Back when I was 4, my dad would occasionally take me with him to work on the weekends. I don’t know if he did it as a way to skirt daycare or because he just loved having me around (I think I know the answer, but it doesn’t matter). Point is, I would often entertain myself playing PC games on his backup computer in the backroom. I was 4 and didn’t know what I was doing or how to win basic problems, but I amused myself all the same.
One day, I got super stumped with one level on Lemmings, and left to enlist my dad for help. He wasn’t in his office, so I checked around the building and eventually found him with one of his coworkers getting really close. I don’t really remember this specifically because I was a clueless child
![Shrug :shrug:](./images/smilies/shrug2.gif)
All I remember is not getting help and going back to the game in the backroom no closer than I was.

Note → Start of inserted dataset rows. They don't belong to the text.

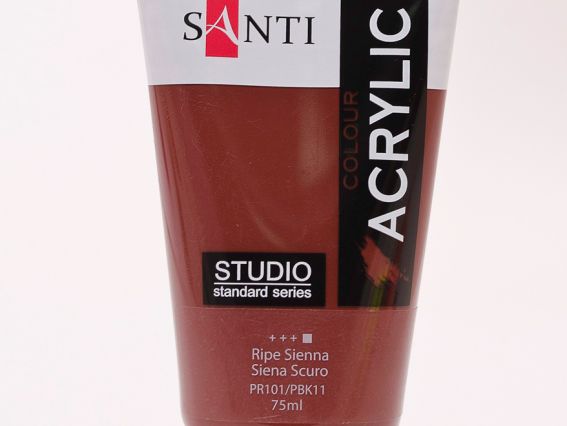Краска акриловая Santi Studio, 75мл, Сиена темная Краска акриловая Santi Studio, 75мл, Сиена темная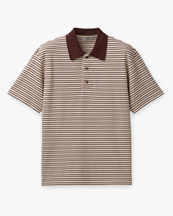 Coor Multi-Pin Stripe Polo Shirt Brown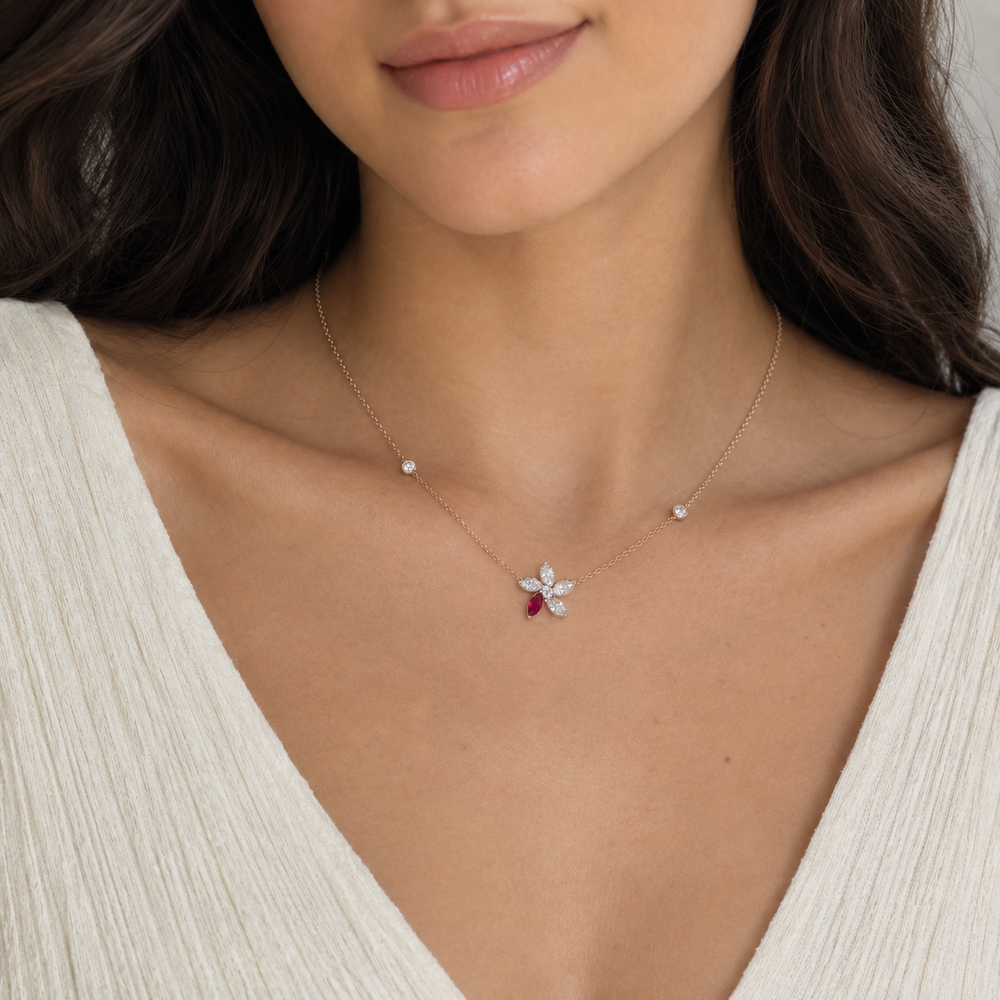 Posy Ruby & Diamond Flower Necklace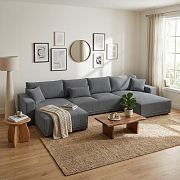 PIREUS sedací souprava do U, univerzální, tmavě šedá Poso 60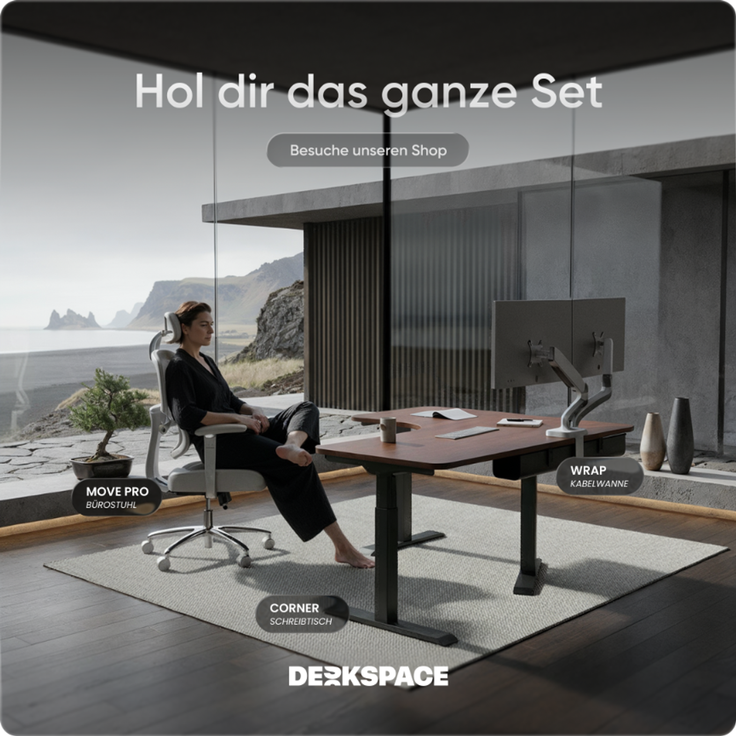 DESKSPACE CORNER Schreibtisch, Elektrisch höhenverstellbar, 160 x 130 x 70 cm, Mahagoni Tischplatte, Schwarzes Gestell – Bild 9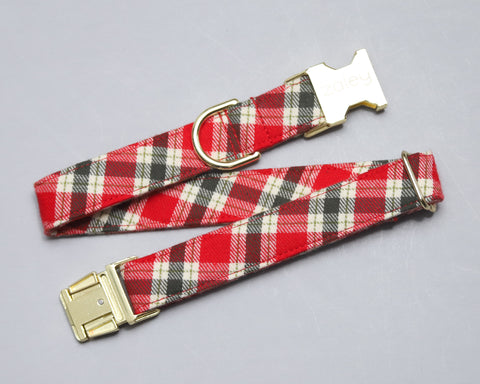 Any 1" wide size - Red/Olive Flannel Plaid - Gold Buckle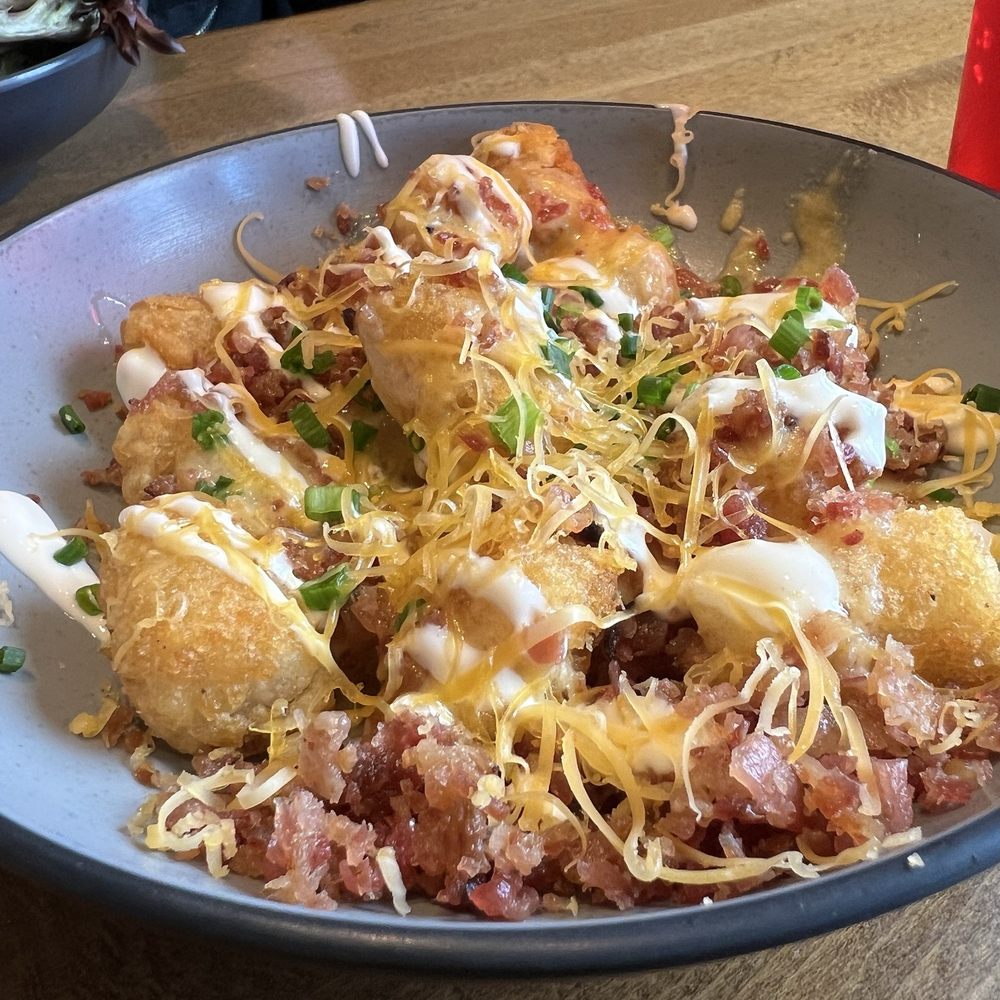 Morro Grill - Loaded Tots from the happy hour menu - American Near Me - Morro Bay, California Morro Grill - Loaded Tots from the happy hour menu - American Near Me - Morro Bay, California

Fast forward to that night when I got home and my mom asked me how the day with dad was, and I relayed the day’s events: getting a scratch off lottery ticket at the convenience store, eating some candy, playing and losing Lemmings, seeing my dad kiss the pretty girl, and seeing a cute dog on the street. I remember my mom getting a very weird look in her eye and I knew I said something funny. I didn’t know what it was, but my mom found it extremely interesting. I didn’t ask any questions though. Part of the fun was figuring out the game. But over the next few days, I would occasionally mention the day’s happenings to my mom in passing again just to see what got a rise- “We should get a cute dog” / “if you want, I can show you how to play Lemmings” / “I LOOOOOOOVE candy!” to no reaction.
Anyway, long story short- he moved out and guessing what was wrong without asking wasn’t as fun in the long run. I ask more questions these days because I figure it’s better to be informed than to be drifting in ignorant cotton candy land. This entire experience went over my head for years and is something my mom never readily explained to me until much later, which on one hand I appreciate so my young brain didn’t have to comprehend. On the other, I should’ve just asked why it was a problem, because I think I was still old enough to understand that wasn’t an appropriate thing to do in a healthy relationship.